##### EXTRACTED ENTRIES
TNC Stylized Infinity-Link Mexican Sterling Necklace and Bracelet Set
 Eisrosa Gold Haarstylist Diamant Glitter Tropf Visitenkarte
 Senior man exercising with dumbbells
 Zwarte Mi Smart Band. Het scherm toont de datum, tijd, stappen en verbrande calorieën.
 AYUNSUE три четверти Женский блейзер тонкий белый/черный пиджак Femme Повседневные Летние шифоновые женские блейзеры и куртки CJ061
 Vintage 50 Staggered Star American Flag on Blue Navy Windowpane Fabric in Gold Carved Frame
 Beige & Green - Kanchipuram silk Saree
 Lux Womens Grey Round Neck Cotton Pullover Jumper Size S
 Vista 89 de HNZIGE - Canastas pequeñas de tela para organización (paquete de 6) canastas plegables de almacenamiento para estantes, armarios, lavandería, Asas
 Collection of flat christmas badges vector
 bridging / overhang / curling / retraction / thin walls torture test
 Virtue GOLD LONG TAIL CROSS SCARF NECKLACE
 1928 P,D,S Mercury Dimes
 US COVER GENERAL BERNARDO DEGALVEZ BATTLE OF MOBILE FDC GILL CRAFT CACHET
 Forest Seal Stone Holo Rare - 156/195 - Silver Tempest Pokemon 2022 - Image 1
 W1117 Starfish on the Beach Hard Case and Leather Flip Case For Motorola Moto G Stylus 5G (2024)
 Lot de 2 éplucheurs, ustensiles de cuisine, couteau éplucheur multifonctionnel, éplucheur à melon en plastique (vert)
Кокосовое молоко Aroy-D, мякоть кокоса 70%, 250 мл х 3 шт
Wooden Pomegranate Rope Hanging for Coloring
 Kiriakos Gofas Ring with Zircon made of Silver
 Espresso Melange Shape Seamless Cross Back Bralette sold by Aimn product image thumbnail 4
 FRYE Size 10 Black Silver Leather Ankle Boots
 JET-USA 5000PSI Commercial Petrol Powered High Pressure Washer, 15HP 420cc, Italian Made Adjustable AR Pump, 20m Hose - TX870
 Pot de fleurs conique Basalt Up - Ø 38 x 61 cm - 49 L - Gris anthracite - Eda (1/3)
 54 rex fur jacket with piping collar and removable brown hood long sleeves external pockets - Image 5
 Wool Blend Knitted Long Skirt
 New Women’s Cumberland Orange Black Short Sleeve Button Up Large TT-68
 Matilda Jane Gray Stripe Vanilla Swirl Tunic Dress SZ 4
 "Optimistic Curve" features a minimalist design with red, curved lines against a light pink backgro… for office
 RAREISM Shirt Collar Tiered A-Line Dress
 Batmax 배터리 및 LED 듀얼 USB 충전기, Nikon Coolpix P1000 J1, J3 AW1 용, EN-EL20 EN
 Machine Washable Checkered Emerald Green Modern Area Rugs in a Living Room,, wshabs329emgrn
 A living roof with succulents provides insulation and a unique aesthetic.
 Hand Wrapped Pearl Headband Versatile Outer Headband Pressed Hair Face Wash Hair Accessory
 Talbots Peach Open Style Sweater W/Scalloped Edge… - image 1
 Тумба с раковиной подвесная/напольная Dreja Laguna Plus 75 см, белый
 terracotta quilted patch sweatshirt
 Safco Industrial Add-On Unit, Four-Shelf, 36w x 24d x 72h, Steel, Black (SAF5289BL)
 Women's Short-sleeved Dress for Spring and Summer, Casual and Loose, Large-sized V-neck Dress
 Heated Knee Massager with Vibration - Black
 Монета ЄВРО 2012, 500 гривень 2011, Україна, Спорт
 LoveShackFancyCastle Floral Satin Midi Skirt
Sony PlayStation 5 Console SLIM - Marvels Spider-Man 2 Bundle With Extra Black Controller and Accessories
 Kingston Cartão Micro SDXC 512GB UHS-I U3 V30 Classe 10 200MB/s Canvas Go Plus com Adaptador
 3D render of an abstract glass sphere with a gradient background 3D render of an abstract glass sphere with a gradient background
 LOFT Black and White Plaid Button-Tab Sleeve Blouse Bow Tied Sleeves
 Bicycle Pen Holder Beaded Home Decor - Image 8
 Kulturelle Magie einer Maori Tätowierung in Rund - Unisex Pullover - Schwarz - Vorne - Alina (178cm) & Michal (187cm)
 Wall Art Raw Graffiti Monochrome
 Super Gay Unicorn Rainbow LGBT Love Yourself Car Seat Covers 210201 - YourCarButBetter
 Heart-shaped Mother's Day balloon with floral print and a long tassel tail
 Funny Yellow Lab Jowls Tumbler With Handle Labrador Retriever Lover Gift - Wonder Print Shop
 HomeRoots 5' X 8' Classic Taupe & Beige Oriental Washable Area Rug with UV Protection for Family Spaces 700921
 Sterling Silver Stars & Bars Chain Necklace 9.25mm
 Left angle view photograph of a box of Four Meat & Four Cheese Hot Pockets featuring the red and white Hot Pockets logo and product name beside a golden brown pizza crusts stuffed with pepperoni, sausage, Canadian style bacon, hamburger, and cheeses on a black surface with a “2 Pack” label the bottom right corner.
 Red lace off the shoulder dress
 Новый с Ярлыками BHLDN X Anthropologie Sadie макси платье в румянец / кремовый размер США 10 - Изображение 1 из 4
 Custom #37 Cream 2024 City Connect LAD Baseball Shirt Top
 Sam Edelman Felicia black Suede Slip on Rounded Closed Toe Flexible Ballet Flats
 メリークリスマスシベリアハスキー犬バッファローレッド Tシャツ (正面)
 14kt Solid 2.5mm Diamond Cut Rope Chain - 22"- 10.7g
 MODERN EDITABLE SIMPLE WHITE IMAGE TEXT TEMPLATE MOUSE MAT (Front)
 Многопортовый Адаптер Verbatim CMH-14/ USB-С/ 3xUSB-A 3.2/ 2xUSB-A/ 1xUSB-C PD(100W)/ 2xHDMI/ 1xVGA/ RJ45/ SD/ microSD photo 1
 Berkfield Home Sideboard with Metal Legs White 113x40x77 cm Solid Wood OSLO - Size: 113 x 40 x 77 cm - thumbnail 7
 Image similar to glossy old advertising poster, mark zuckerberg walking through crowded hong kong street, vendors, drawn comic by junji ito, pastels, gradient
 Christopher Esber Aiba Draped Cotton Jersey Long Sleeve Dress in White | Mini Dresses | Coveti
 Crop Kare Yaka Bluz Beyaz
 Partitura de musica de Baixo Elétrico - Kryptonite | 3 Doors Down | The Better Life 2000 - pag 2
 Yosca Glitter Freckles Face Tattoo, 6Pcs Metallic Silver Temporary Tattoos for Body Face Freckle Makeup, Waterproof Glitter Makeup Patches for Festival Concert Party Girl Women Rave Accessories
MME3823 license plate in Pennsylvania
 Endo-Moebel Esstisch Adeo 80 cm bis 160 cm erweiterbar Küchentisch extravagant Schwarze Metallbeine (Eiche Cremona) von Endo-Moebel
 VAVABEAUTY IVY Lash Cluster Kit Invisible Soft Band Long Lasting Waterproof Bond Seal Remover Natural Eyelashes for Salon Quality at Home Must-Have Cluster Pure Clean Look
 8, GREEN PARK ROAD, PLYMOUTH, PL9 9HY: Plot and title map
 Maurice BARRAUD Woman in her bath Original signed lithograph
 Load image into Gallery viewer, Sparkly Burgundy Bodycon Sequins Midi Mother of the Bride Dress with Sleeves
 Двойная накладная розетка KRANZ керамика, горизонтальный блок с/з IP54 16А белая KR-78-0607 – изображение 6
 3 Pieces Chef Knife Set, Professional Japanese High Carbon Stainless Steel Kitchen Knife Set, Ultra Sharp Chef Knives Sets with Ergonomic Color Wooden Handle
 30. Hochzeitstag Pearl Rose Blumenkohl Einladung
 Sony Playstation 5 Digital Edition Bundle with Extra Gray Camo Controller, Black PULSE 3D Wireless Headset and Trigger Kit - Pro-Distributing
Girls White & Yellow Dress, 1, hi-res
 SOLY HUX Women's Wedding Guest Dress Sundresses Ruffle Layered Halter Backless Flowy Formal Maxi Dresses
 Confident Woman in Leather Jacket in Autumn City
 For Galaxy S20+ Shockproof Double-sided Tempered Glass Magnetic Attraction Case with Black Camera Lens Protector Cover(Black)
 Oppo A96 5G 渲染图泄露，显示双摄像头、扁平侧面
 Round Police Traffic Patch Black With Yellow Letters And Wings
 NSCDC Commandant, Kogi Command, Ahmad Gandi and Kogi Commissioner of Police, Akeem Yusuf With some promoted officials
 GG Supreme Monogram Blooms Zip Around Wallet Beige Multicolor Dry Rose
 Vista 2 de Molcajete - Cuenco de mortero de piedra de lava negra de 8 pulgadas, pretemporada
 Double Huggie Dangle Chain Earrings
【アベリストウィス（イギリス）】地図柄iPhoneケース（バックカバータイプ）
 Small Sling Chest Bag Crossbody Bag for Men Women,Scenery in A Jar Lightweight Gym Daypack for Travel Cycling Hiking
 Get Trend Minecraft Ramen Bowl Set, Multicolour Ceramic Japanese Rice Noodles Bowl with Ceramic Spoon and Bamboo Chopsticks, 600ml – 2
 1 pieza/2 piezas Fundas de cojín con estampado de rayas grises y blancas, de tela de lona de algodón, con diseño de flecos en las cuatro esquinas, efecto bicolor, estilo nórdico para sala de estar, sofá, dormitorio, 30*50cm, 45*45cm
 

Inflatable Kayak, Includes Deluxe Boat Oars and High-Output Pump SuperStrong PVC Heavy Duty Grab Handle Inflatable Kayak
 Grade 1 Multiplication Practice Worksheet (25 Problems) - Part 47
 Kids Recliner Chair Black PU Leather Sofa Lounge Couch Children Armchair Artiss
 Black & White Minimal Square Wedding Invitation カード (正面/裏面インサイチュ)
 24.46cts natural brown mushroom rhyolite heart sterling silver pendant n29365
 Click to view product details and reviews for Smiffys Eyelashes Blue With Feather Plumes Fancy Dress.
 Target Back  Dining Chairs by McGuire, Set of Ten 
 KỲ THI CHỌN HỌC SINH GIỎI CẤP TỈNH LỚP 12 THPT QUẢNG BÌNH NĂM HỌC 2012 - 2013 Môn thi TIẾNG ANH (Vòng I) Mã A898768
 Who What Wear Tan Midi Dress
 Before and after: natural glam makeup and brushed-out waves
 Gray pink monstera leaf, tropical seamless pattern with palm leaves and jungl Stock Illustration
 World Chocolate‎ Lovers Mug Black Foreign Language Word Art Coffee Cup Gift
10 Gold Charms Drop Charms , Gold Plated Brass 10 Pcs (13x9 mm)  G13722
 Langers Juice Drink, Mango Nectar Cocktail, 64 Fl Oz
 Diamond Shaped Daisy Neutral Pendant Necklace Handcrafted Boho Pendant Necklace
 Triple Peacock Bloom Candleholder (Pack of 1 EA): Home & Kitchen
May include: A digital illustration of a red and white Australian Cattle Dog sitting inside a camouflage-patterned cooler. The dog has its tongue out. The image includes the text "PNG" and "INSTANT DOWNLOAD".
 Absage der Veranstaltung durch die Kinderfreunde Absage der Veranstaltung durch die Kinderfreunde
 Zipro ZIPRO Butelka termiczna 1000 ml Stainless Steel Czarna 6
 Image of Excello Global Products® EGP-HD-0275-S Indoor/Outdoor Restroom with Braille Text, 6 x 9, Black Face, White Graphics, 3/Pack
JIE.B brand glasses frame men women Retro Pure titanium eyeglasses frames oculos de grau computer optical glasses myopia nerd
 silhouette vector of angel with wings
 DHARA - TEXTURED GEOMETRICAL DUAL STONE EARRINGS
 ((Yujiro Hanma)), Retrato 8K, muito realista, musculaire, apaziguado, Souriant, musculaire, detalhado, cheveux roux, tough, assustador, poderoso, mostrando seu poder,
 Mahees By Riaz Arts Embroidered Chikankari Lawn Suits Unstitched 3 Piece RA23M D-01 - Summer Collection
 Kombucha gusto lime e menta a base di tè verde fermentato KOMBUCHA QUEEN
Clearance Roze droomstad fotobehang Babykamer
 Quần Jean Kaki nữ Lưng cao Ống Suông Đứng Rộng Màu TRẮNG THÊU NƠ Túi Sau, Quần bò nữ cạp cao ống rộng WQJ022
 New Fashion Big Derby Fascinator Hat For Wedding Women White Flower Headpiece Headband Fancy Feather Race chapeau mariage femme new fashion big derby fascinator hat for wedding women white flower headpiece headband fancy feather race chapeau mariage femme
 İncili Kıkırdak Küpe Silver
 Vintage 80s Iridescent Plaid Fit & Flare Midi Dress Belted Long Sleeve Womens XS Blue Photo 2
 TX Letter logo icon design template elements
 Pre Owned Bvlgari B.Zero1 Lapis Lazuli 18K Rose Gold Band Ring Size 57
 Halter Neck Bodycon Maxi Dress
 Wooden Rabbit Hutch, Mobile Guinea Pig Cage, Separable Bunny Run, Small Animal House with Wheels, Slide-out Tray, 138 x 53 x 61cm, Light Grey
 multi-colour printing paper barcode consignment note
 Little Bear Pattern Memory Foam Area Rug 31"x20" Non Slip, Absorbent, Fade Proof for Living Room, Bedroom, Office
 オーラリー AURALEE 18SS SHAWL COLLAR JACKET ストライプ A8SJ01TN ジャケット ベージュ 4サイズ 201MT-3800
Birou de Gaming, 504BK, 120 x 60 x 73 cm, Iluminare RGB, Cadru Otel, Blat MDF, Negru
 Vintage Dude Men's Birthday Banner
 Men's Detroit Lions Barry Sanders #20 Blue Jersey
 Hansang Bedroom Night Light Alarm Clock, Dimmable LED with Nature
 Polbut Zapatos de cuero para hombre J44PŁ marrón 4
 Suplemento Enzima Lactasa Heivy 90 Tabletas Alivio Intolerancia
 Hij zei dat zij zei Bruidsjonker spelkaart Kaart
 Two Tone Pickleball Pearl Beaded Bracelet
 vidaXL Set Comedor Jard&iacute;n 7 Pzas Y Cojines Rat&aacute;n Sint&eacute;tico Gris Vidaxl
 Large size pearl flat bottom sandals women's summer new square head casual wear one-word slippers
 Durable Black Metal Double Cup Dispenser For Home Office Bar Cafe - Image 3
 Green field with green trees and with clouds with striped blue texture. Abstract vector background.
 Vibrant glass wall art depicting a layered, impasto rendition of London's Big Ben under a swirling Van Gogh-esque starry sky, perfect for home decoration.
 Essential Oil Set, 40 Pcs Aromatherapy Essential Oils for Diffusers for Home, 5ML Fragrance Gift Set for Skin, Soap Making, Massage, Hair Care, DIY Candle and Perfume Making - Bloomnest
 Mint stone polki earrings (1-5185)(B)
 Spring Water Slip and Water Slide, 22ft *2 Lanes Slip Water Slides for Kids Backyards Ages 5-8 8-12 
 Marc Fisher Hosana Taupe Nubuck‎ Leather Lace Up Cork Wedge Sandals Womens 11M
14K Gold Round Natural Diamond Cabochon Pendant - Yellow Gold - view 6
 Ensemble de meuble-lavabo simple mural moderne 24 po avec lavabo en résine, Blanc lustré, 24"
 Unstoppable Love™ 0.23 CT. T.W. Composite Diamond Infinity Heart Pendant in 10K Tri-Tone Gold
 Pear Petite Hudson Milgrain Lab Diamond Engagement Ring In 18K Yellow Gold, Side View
##########
• _YOUR ASSIGNMENT_: Exact duplication is required for the lines above, from the line that contains "LoveShackFancyCastle Floral Satin Midi Skirt" to the line that contains "LOFT Black and", inclusive; omit all others.

• _EXERCISE SOLUTION_:
 LoveShackFancyCastle Floral Satin Midi Skirt
Sony PlayStation 5 Console SLIM - Marvels Spider-Man 2 Bundle With Extra Black Controller and Accessories
 Kingston Cartão Micro SDXC 512GB UHS-I U3 V30 Classe 10 200MB/s Canvas Go Plus com Adaptador
 3D render of an abstract glass sphere with a gradient background 3D render of an abstract glass sphere with a gradient background
 LOFT Black and White Plaid Button-Tab Sleeve Blouse Bow Tied Sleeves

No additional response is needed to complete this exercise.